How large are those 3D waves? Are they double precision? Could they be in single precision?
May 6, 2013 at 08:31 am - Permalink
The 3-D matrices are created in fluoreSizeBin(...). Why again do you want to turn them back in to 1-D waves with AppendFluoreWaves(...)?
Where are you replacing 0's by NaN's ... I don't see that in your code? Have you thought about first transforming the 0's to NaN's in the CSV files using a text-editor?
--
J. J. Weimer
Chemistry / Chemical & Materials Engineering, UAHuntsville
May 6, 2013 at 09:29 am - Permalink
First of all thanks for comments. I will try to explain why and how I do those calculations. Firstly, the routine works great for small datasets.
1) I get an "out of memory error" when I run the routine with large datasets.
2) I can't change zeros with NANs in the csv files because those zeros and/or NANs are output of several calculations. It means, original data may or may not contain zeros and/ot NANs. However this is not directly related to the output data which is a product of several csv files.

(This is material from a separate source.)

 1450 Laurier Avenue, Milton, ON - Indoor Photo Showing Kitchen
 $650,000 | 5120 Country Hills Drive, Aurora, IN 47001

3) I don't convert them from 3-D matrices into 1D waves. I just append seperate outputs (one resulting wave from each csv file) into a single wave. However I have to decompose 3-D wave to 1D waves to be able to use WaveStats or StatsQuantiles or mean functions. They work only for 1D waves.
4) Only date time waves have to be in double precision but the others can have single precision.

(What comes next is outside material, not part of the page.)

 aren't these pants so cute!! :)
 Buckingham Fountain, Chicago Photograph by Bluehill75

5) I replace zeros with NANs in a separate function which I didn't put here. This function handles only statistical analysis.
6) With "large" I mean a 3-D matrice consists of almost 10 Million rows, 60 Columns and 3 Layers. There are also single waves having almost same number of data points. When I analyse only 60 csv files (around 500,000 rows, 60 columns, 3 layers) the total memory used reaches 3.4 GB.

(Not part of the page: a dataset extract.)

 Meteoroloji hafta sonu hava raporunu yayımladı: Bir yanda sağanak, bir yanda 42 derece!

So, you suggest using single precision waves instead of double precision to save some memory.
Some more information concerning how the entire toolkit runs:
i) User chooses one or more csv data. These data are read and saved into separate data folders. In each data folder, data points are read from csv files and saved in separate waves ( each column or let's say parameter as new wave).
ii) Routine works for each data folder one by one and the results are written in current data folders to prevent owerwriting.
iii) After that, resulting waves from separate data folders are appended into single waves and the remainder (data folders containing row files) is deleted.
Cheers,
Emre
May 7, 2013 at 05:32 am - Permalink
Well, this produces a wave of 360 MB
and this of 720 MB
Depending and what the data are and the precision you need that could be a possibility. Maybe even integer waves... it really depends on what you are working on. Otherwise have a look at
May 7, 2013 at 06:56 am - Permalink
May 7, 2013 at 08:02 am - Permalink
That's 1.8e9 data points. If it is single precision data, that's 7.2e9 bytes, which is more than twice the address space available to a 32-bit program. And your sequence of steps produces several waves and copies of waves. Within the 3-GByte address space available to a 32-bit program on 32-bit Windows, you also have to load Igor itself, have memory for graphs, etc.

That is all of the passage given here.